When Ya'akov and his family joined Yosef in Egypt, Yosef gave them a curious piece of advice.  It would ensure that Pharaoh allowed them to settle in Goshen and not in the midst of the Egyptians:

 

"If Pharaoh will then call you and say: 'What is your occupation?'  Then you, too, shall say: 'Your servants have been breeders of herds from our youth until now, both we and our fathers,' so that you may dwell in the land of Goshen, for every shepherd is an abomination to Mitrayim." (Genesis 46:33-34, The Pentateuch, Samson Raphael Hirsch)

 

Shepherds were an abomination to the Egyptians because they worshipped the lamb.  The god Raah, a god of blood, was represented by the lamb and based upon a constellation in the heavenlies.

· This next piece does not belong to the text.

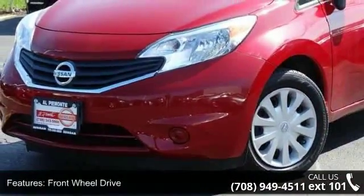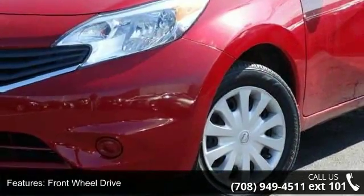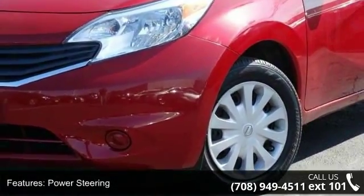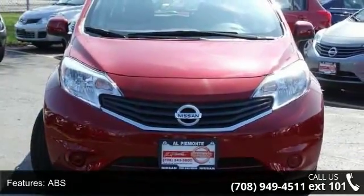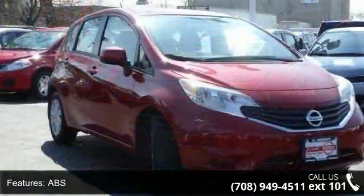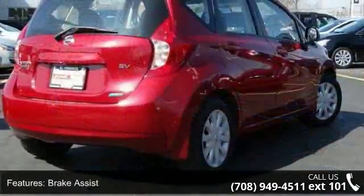Some of the top features included with this vehicle are front wheel drive, power steering, ABS, brake assist, wheel covers, steel wheels, rear defrost, power door locks, steering wheel audio controls and Bluetooth connection. Don't let this vehicle get away — call or click to schedule a test drive today.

When the final plague came, "Raah" was helpless to prevent the death of the firstborn of Egypt.  The firstborn of Israel, on the other hand, were "passed over" by Hashem when they took the symbol of Raah -- the lamb -- and used its blood to paint the doorposts and lintels of their homes.  They then roasted and ate the lamb, in haste, before morning came and they fled to freedom.  This act was commanded by Hashem to be observed as a memorial for all generations of His mighty deliverance of the Children of Israel from the land of Egypt -- a promise He had earlier made to Avraham (Genesis 15:13-16).

 

"You shall keep this word so that it may be a statute for you and your children forever.  And it shall come to pass that when you come to the land which Hashem will give you as He has said, so you shall keep this service.  And it shall come to pass that when your sons will say to you: 'What is this service to you?', you shall say: 'It is a meal of a deliverance performed through a pausing passing-over, consecrated to Hashem, Who paused as He passed over the houses of the sons of Yisrael in Mitzrayim when He struck Mitzrayim mortally and rescued our houses!"  And the people bowed and cast themselves down." (Exodus 12:24-27, The Pentateuch, Samson Raphael Hirsch)

 

The Pesach sacrifice had nothing to do with atonement for sin.  It was a direct affront to an Egyptian deity, and it commemorates a mighty deliverance ... the prophesied rescue and release of the Children of Israel from exile and slavery in the land of Egypt.  The Pesach lamb was instituted as a memorial meal, an eternal remembrance of the mighty acts of the G-d of Israel when He displayed His power and His might before Pharaoh and the Egyptians, demonstrating clearly that He alone is the One True G-d of the Universe.  Atonement for sin, freely given by Hashem in response to true repentance (teshuvah), is commemorated by the Yom Kippur sacrifice of a bull and a goat (Leviticus 16).  A lamb is not a goat.

 

For nearly 2000 years, the Christian church has wrongly associated Pesach (Passover) with their celebration of Easter (Ishtar ... an Egyptian fertility goddess).  They have connected Pesach with atonement for sin ... which the Torah simply does not do.  They herald one of the godhead they worship as "the lamb of G-d", the "Passover lamb".  Constantine, the father of the Christian church, was an avid sun worshipper who continued to worship the sun despite his professed conversion to Christianity.  Sun worship was not monotheistic.  It also involved worship of the constellations and the false deities associated with them since ancient times, including the lamb god, Raah.  Something to think about.